Intuitive Deep Learning Part 2: CNNs for Computer Vision
What are Convolutional Neural Networks? How can we apply Neural Networks to recognize images?
From self-driving cars to facial recognition technology, our machines seem able to make sense of what they see. This is an impressive feat: after all, machines can only process images as a series of numbers. How does a machine translate this series of numbers into recognizing what object is in the image?
In this post, we will uncover the secrets of how Deep Learning has powered our cutting-edge image recognition technology.
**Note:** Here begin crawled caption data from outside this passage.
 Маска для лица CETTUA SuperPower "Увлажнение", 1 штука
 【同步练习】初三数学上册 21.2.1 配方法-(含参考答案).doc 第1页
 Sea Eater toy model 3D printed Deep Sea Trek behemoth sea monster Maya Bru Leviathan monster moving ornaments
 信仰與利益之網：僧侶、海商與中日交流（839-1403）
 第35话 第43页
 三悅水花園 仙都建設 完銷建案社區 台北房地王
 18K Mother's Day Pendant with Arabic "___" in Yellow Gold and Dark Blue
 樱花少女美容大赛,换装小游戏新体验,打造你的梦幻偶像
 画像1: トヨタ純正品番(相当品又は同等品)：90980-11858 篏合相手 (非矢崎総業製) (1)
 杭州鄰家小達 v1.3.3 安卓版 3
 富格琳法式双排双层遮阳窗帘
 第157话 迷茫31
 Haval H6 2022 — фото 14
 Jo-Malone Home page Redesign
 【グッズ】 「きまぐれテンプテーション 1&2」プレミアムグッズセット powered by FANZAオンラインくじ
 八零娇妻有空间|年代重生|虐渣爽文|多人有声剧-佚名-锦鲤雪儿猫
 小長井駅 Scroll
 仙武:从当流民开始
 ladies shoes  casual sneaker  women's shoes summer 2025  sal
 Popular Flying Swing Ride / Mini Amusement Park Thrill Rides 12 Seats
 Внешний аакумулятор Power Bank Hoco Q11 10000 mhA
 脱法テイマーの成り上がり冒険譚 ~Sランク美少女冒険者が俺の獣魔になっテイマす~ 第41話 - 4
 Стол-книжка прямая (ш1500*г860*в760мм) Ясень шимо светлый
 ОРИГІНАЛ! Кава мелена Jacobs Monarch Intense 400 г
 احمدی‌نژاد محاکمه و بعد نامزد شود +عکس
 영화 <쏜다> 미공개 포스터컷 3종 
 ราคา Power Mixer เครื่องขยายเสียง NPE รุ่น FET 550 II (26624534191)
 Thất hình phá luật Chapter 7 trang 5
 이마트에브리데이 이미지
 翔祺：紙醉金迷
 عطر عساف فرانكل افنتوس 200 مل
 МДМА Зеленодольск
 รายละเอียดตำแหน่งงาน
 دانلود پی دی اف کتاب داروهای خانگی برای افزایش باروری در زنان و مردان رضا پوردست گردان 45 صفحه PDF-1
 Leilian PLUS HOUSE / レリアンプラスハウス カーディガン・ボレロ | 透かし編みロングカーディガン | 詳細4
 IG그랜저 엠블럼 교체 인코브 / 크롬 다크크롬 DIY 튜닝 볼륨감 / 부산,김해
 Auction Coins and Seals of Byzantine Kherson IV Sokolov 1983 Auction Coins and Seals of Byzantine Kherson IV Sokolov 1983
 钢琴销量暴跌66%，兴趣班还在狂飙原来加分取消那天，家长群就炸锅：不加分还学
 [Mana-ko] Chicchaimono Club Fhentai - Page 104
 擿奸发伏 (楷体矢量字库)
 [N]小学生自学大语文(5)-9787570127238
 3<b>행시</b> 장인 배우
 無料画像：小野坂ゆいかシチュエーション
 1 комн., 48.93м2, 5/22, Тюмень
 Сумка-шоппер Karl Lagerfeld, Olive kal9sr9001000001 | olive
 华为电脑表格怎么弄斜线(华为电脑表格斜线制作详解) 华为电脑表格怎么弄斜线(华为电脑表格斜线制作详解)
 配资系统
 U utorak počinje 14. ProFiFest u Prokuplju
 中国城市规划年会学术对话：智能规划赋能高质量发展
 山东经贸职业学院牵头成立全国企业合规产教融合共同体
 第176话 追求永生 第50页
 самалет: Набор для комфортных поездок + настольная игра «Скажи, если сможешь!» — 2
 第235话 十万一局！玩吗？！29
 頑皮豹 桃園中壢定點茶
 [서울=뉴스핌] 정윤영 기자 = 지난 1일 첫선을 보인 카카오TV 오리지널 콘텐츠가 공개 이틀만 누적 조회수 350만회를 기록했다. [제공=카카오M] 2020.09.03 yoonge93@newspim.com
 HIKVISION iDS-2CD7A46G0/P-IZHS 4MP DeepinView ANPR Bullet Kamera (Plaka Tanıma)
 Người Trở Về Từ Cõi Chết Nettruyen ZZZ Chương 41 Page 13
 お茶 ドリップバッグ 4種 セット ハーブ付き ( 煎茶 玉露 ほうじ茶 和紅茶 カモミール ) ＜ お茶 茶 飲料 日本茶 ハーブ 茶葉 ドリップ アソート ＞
This is Part 2 of an introductory series of Intuitive Deep Learning. Here’s a quick summary of what has happened thus far:
In Part 1, we had an introduction to neural networks and how to make them work. We started off in Part 1a with a high-level summary of what Machine Learning aims to do:
Machine Learning specifies a template and finds the best parameters for that template instead of hard-coding the parameters ourselves. A neural network is simply a complicated ‘template’ we specify which turns out to have the flexibility to model many complicated relationships between input and output. Specifying a loss function and performing gradient descent helps find the parameters that give the best predictions for our training set.
We then dived into some nitty-gritty details in Part 1b on how to make neural networks work in practice.
In this post, we’ll see how neural networks can be applied to image recognition. In particular, we will introduce a new model architecture called Convolutional Neural Networks (which are also called CNNs or ConvNets). This is a new type of architecture that will exploit special properties of image data, so let’s dive in!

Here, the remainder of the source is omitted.